How much longer could he go on without letting anyone in?
She’d suggested they ask Harrison to visit Maracey and stay with them a while. She’d suggested they ask Luc and Gabrielle to visit them as well. Rafael needed people around him who he could trust and if not her then someone else. Negotiations on exactly what Rafael’s role here in Maracey would involve were coming to a close. The stakes were high. The power Rafe wielded was already considerable.
Whether he wanted to wield it was anyone’s guess.
Simone had taken to spending some of each lonely day in the old vineyard with Ruby the inquisitive puppy, a gardener’s wheelbarrow, secateurs and gloves. The gardens immediately surrounding the fortress were fully formed and immaculately maintained, but here amongst the vines there was work still to be done and vision to be applied. Some of that vision, Simone had decided, would be hers.
The row of vines she worked her way along today had come from Caverness some thirty years ago. Her father had sent them and Etienne had planted them. Simone smirked as she straightened from her pruning and glanced down the row. Not that he’d planted them straight.
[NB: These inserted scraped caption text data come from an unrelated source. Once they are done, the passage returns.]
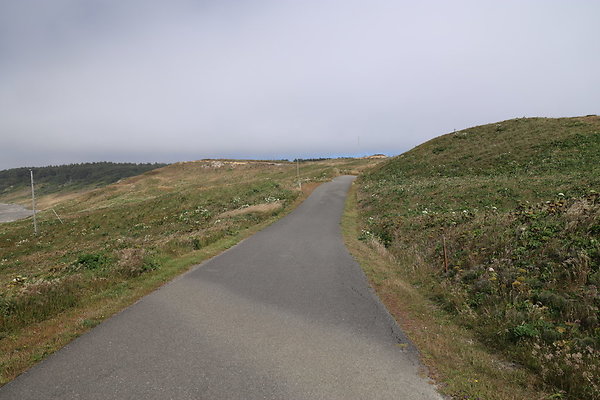 Cape Blanco East  36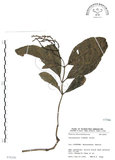 中文名:臺灣及己(S076206)學名:Chloranthus oldhami Solms.(S076206)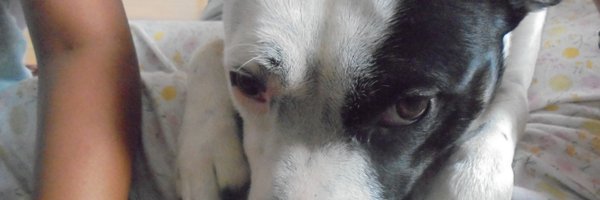 JoyAgnost Profile Banner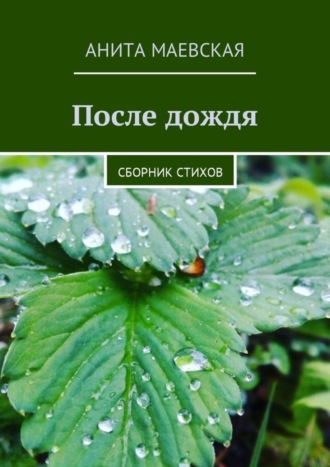 . После дождя. Сборник стихов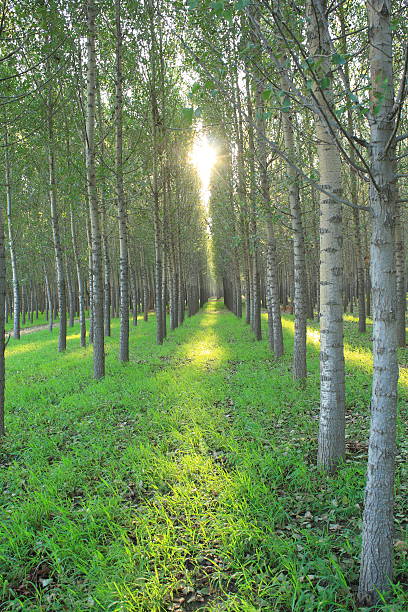 reihen poplars - planting tree poplar tree forest stock-fotos und bilder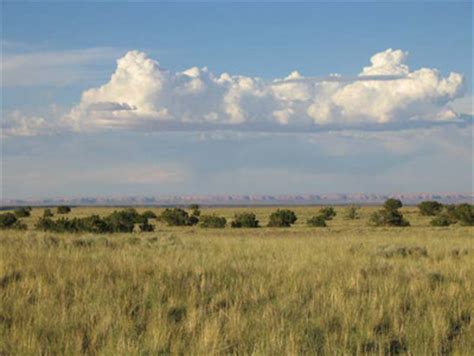 Grasslands of the American Southwest - Introduction and Grassland Types ...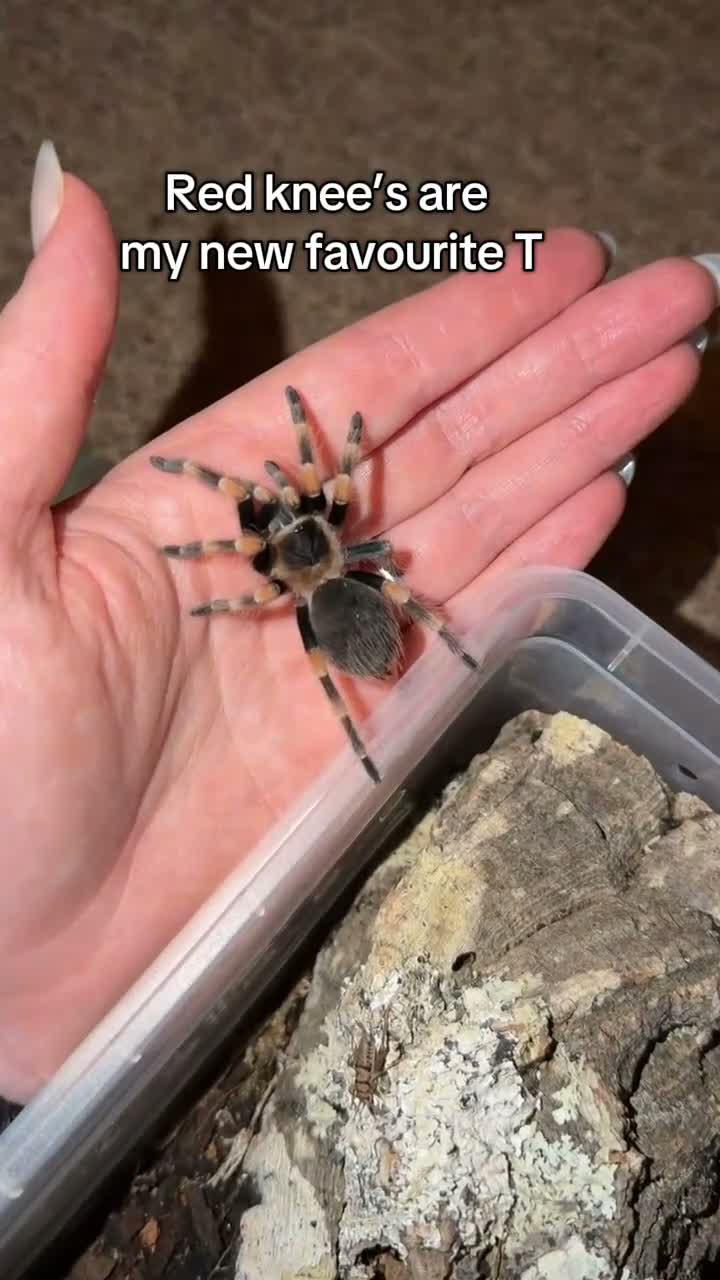 Tarantulas invertebrates for sale: Brachypelma Hamorii Tarantula!  in Radstock - Video 1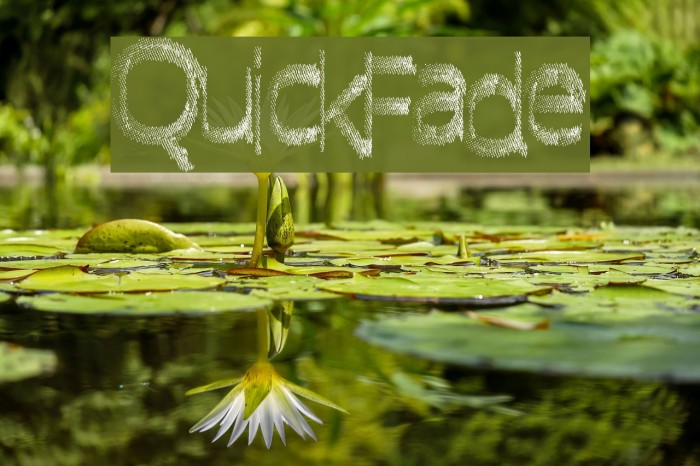 QuickFade لخطوط تنزيل examples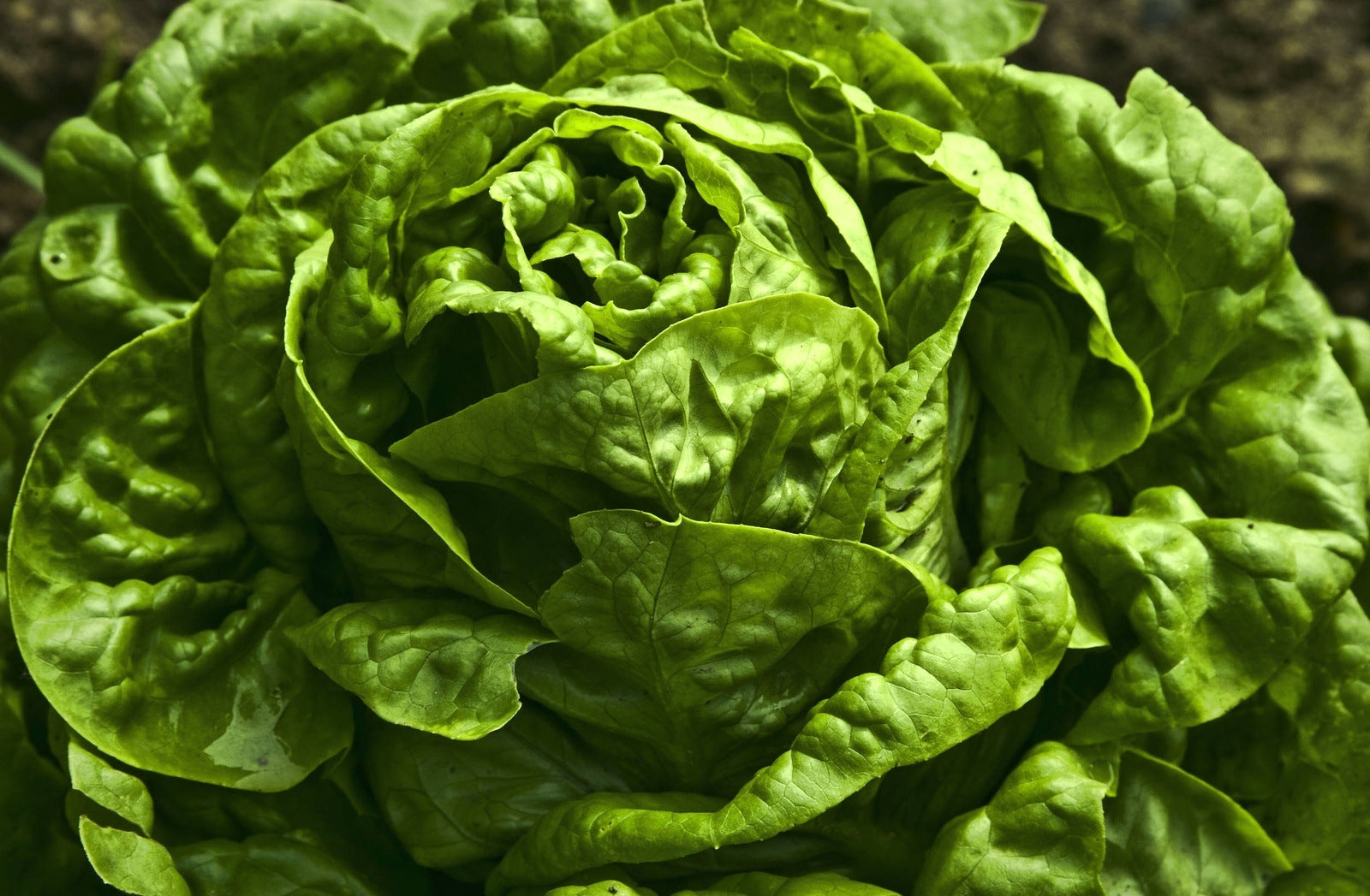 Great Lakes Batavian Lettuce, 1000 Heirloom Seeds Per Packet, Non GMO Seeds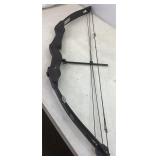 Black Bear Bow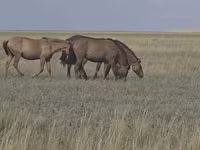 Кобила, Mugalzhar horse — фото 7
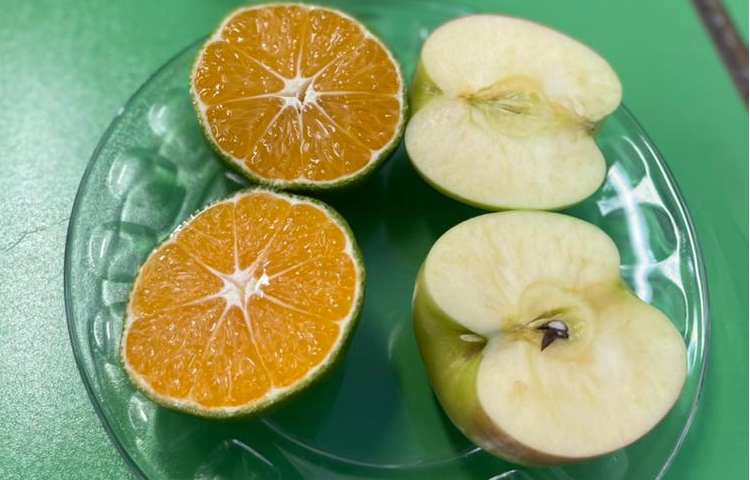 فعالیتهای آموزشی پایه اول 10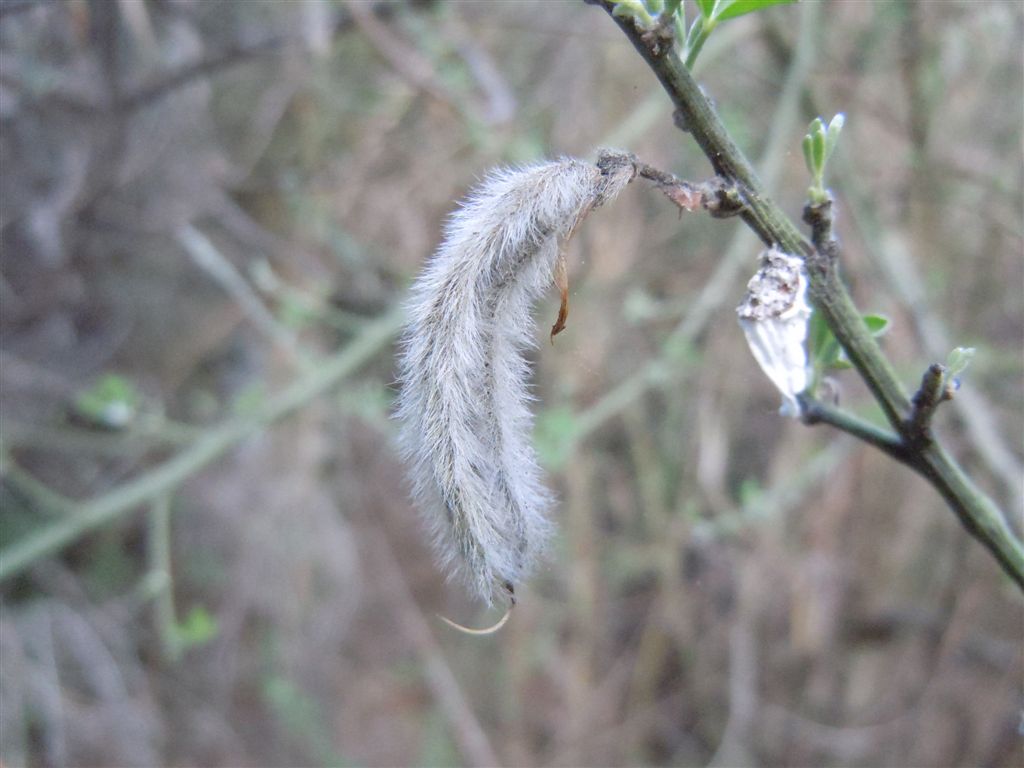 Calicotome villosa / Sparzio villoso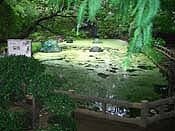 ���͐싴�r��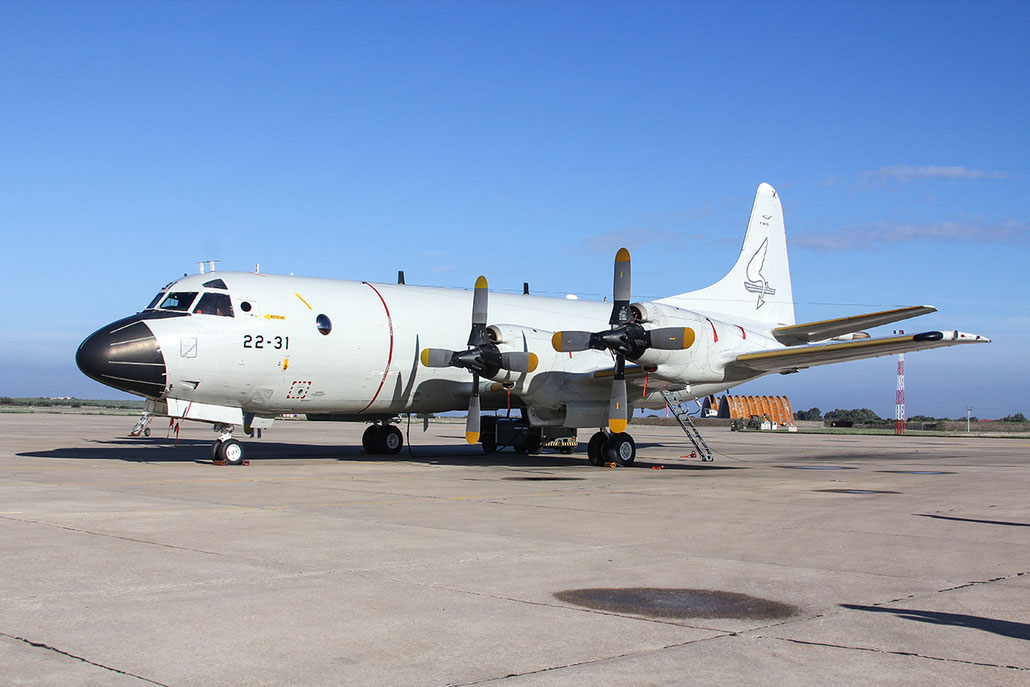 P.3M-08  22-31  P-3M  5264  Grupo 22 © Piti Spotter Club Verona 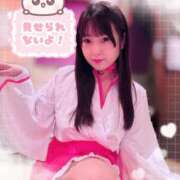 ヒメ日記 2025/12/27 11:07 投稿 山崎★（二輪車可） プリマドンナ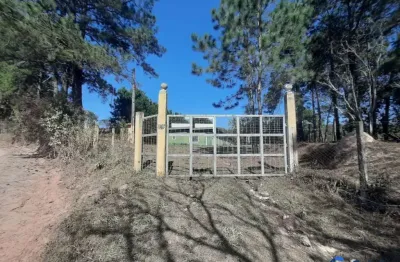 Galpão para locação no bairro pau arcado em campo limpo paulista - sp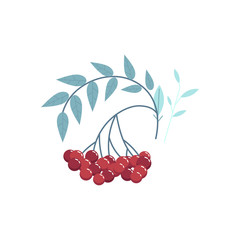Delicious cranberry branch with red berries and leaves. Thanksgiving holiday and autumn harvest seasonal symbol. Tasty natural ingredient for juice, jam design full of vitamins. Vector illustration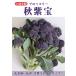  фиолетовый цвет палочка брокколи вид [ осень фиолетовый .] Kobayashi вид рассада / маленький пакет 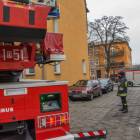 Fotka nr 5 z 8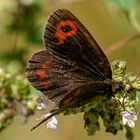 Graubindiger Mohrenfalter (Edelfalter) - Erebia aethiops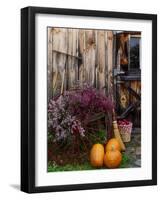 Outside barn in autumn at Drury Place. Weston, Vermont, USA-Scott T^ Smith-Framed Photographic Print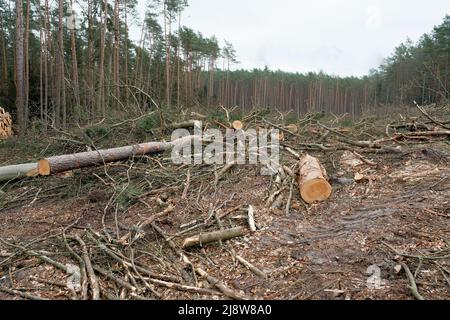 ecological catastrophy. deforestation . illegal deforestation..Deforestation. Logs of sawn trees lies on the ground. Deforestation. Ecological catastr Stock Photo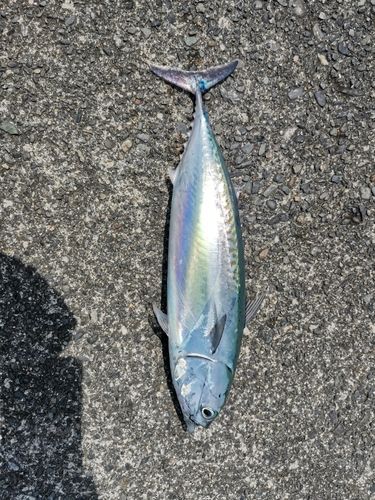 ソウダガツオの釣果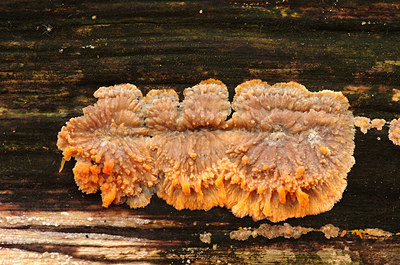 BUITEN BEELD Foto: 147362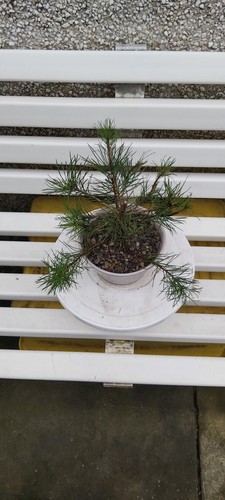 Semi bonsai starter - bonsai,, pine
Still, they were a connection with her home, and one that she would see revived. She missed Caverness, there was no denying it. She missed the duties she’d borne within the Duvalier champagne empire and the people she’d worked with. She missed Lucien and Gabrielle and her favourite café. She missed being able to move freely through the outside world. To go where she pleased, whenever she pleased, and by whatever method of transport she pleased.
If Maracey had an outside world, she hadn’t found it yet.
If there was freedom to be had here, she hadn’t found that either. The high, cloister-like hedging around the terraced vines mirrored her sense of imprisonment but at least there was sky up above and a view down the valley that could make a spirit soar.
Rafael didn’t even get that much, these days.
Simone pruned a wayward offshoot and tossed it towards the wheelbarrow. Much to Ruby’s delight, it missed. Simone was trying to teach Ruby to retrieve the ill-aimed vines and drop them into the wheelbarrow, but Ruby had proven remarkably resistant to the idea. All retrieved vines, sticks and other assorted garden oddments would be dropped at Simone’s feet in the hope that they would be thrown again and that was all there was to it.